Tytuł wpisu w pamiętniku odchudzania:
Dzień 12


Nadeszły "TE DNI", czyt. @@@@@@@@@@@

Koło godz. 11 przyszedł jadłospis na nowy tydzień, więc czas na zakuuuuupy.

Zakupy na niesamowitym bólu brzucha, czułam się jak zombie idąc przez lidla, a do tego weź jeszcze ogarnij listę zakupów, co już masz, a co jeszcze potrzebujesz... 

No, ale dałam radę. Wszystko mam! 

Powrót do domu i przygotowywanie obiadu dla mnie i rodziców. Kompletny chaos w kuchni, bo ciężko się skupić. 

Jednak obiad był, dał się zjeść, nawet smakował, więc jest sukces

Przed wyjazdem do mieszkania szybkie cardio na rowerku i rozciąganie i jaaaaazda do Trójmiasta. 

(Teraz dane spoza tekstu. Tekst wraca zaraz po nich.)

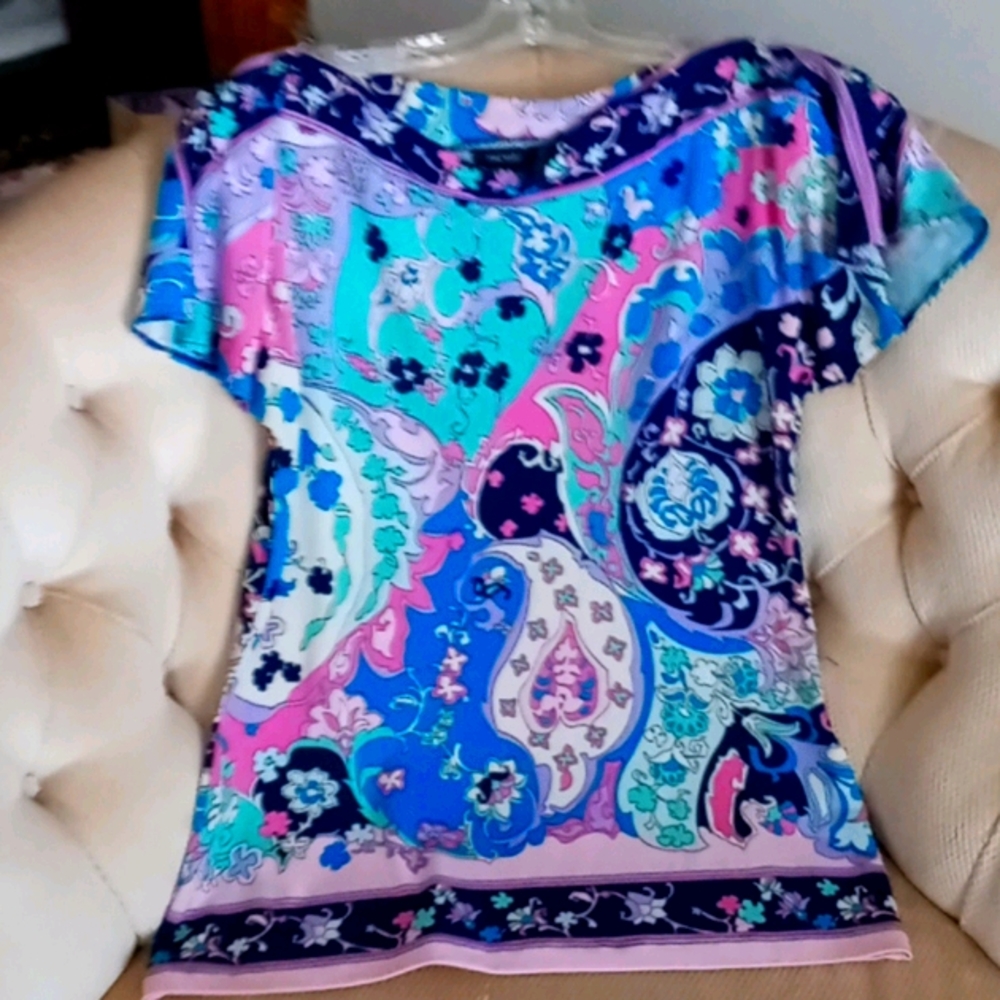 Paisley silky jersey knit boat neck flutter sleeve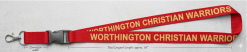 Red Worthington Christian Warriors lanyard with gold lettering and metal clip
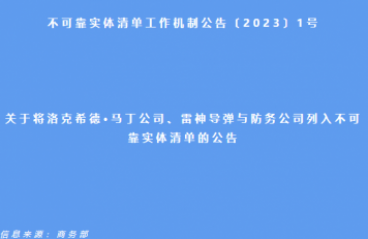 不可靠实体清单工作机制公告〔2023〕1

Tradycyjnie zawsze jak jadę z mamą do Gdańska, to musimy zahaczyć o Alfa Centrum. Z ubrań nic nie znalazłam.. To znaczy znalazłam, ale brakowało rozmiaru.. Kolejny powód by w końcu schudnąć! :)

Za to kupiłam sobie matę do ćwiczeń, także już nie ma odwrotu, jeszcze mam w planach zakup hantelek. Wtedy będzie komplet.